*Data to use*:

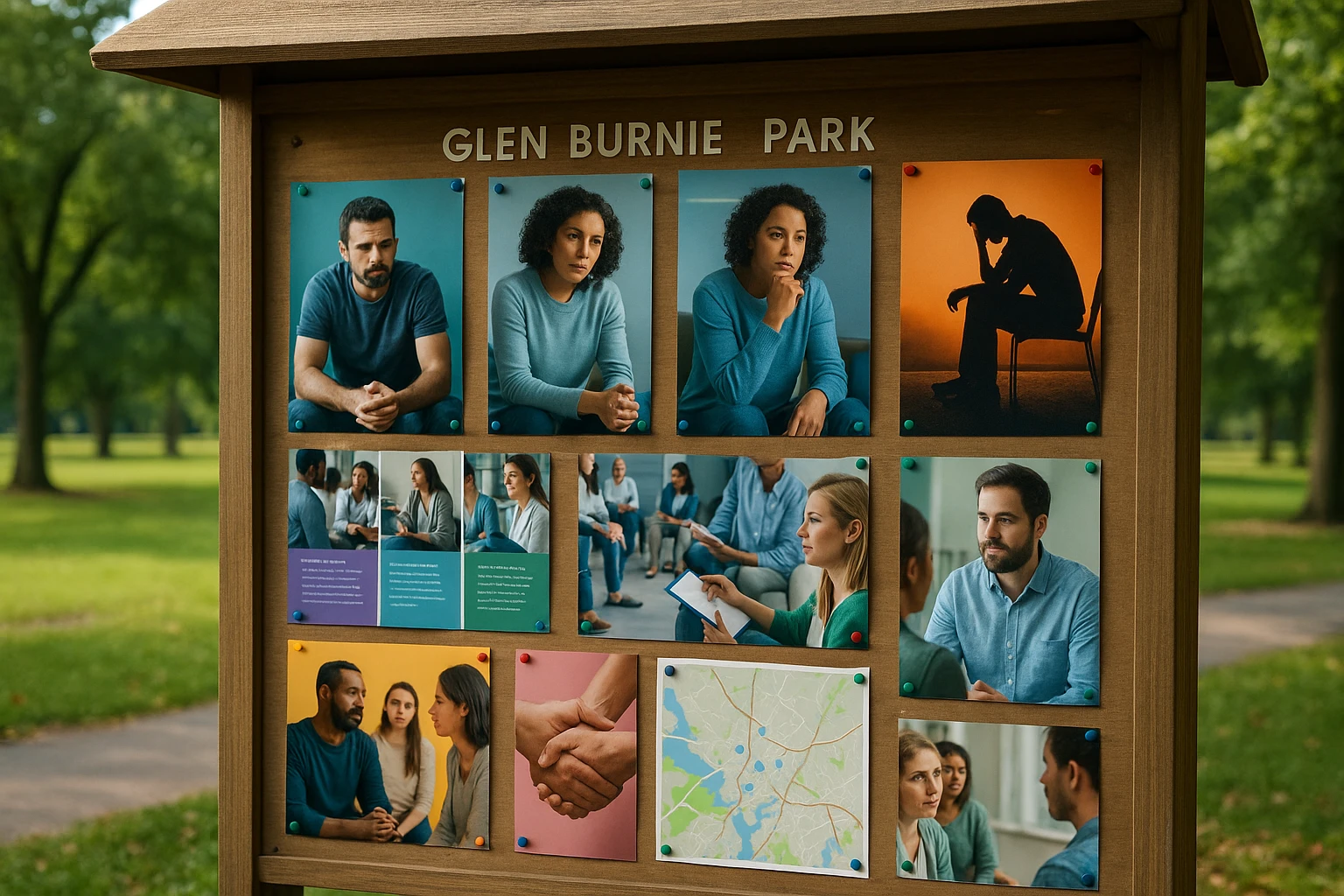 A community bulletin board in a Glen Burnie park featuring flyers and brochures for local addiction treatment resources, with colorful pamphlets and a map showing clinic locations.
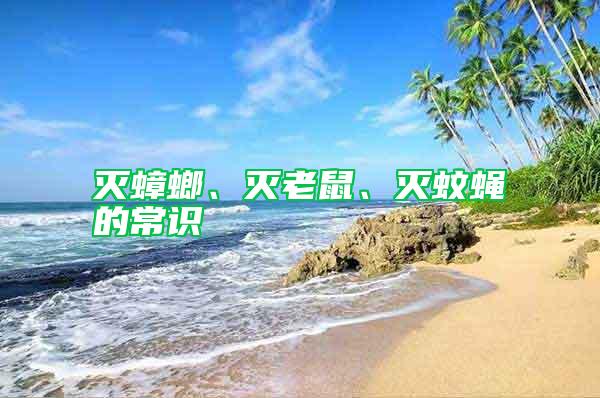 滅蟑螂、滅老鼠、滅蚊蠅的常識(shí)
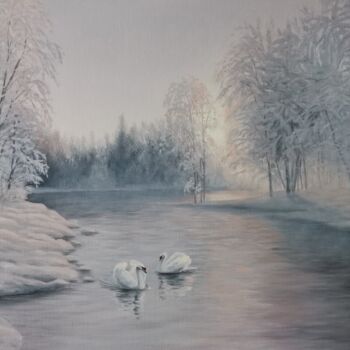 Painting titled "Winter has covered…" by Elena Istomina, Original Artwork, Oil Mounted on Wood Stretcher frame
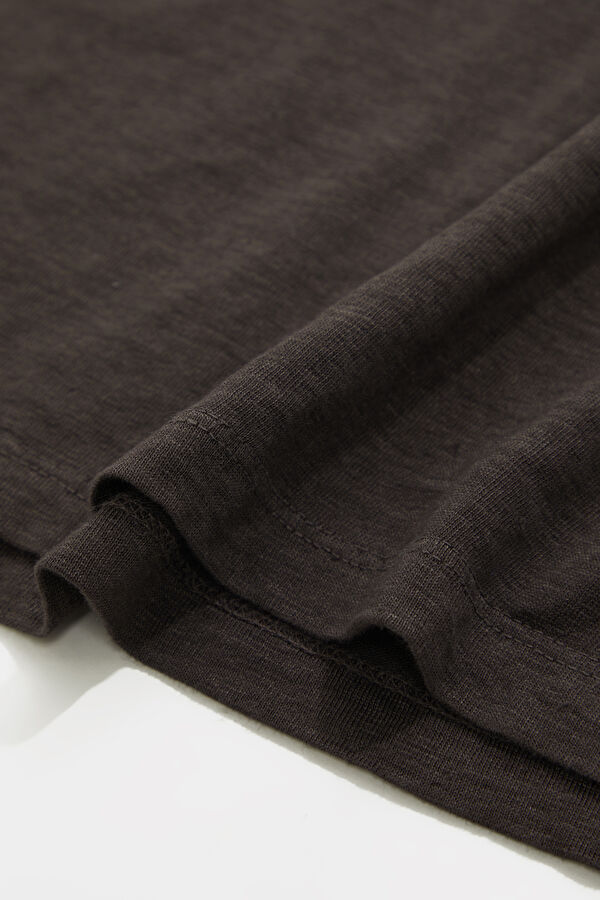 Brown Crew Neck Linen Men's T-Shirt 4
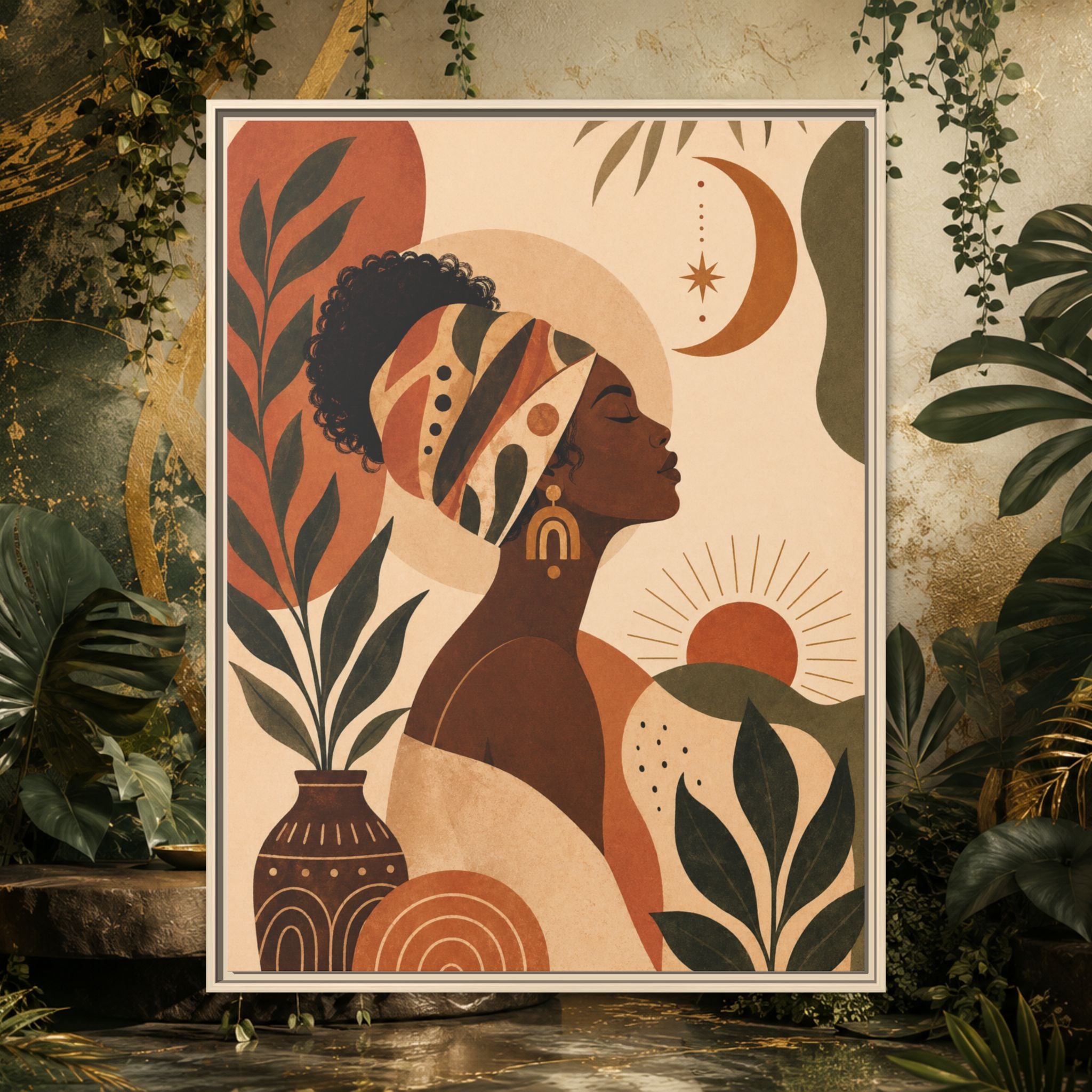 Framed Afrocentric Canvas — Boho Wall Art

*Problem description*:
Keep the pictures out of your answer, which should be the lines from the one with "Wood Stretcher frame" through the final line of the data, copied exactly.

*Your response*:
 Painting titled "Winter has covered…" by Elena Istomina, Original Artwork, Oil Mounted on Wood Stretcher frame
 Brown Crew Neck Linen Men's T-Shirt 4
 Framed Afrocentric Canvas — Boho Wall Art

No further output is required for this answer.